§ DATA BELOW

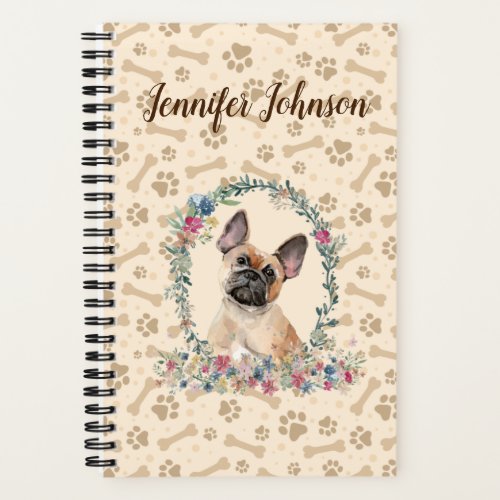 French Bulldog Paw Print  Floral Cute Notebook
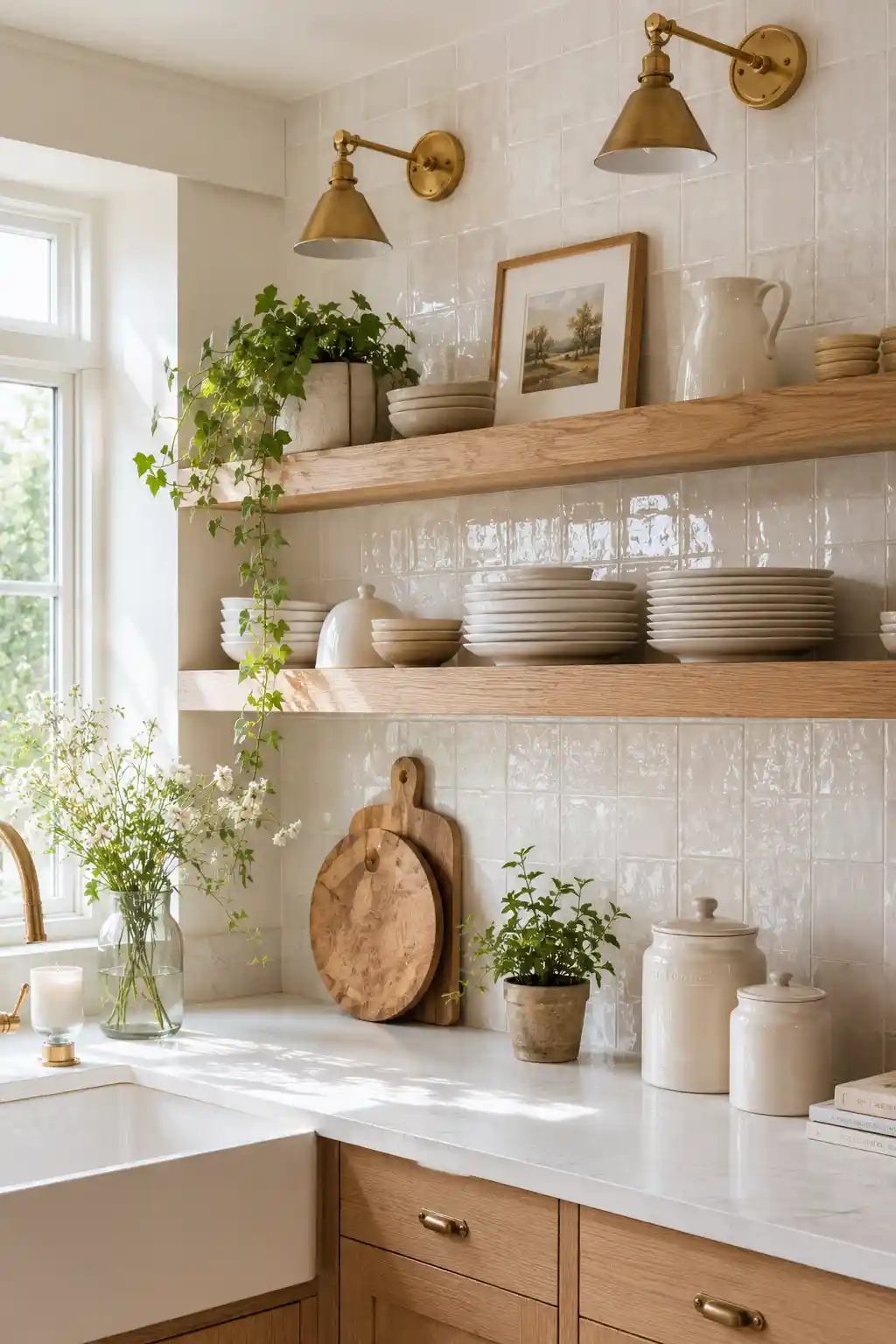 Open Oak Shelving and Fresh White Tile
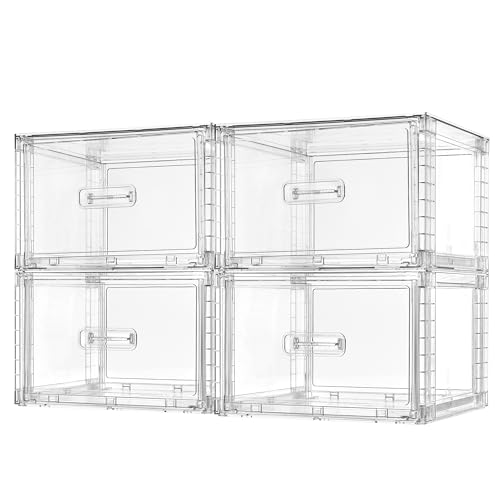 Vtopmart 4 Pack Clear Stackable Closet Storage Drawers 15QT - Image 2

§ YOUR INSTRUCTIONS
Each line above should be printed again exactly, though the pictures should not be.

§ TASK SOLUTION
 French Bulldog Paw Print  Floral Cute Notebook
 Open Oak Shelving and Fresh White Tile
 Vtopmart 4 Pack Clear Stackable Closet Storage Drawers 15QT - Image 2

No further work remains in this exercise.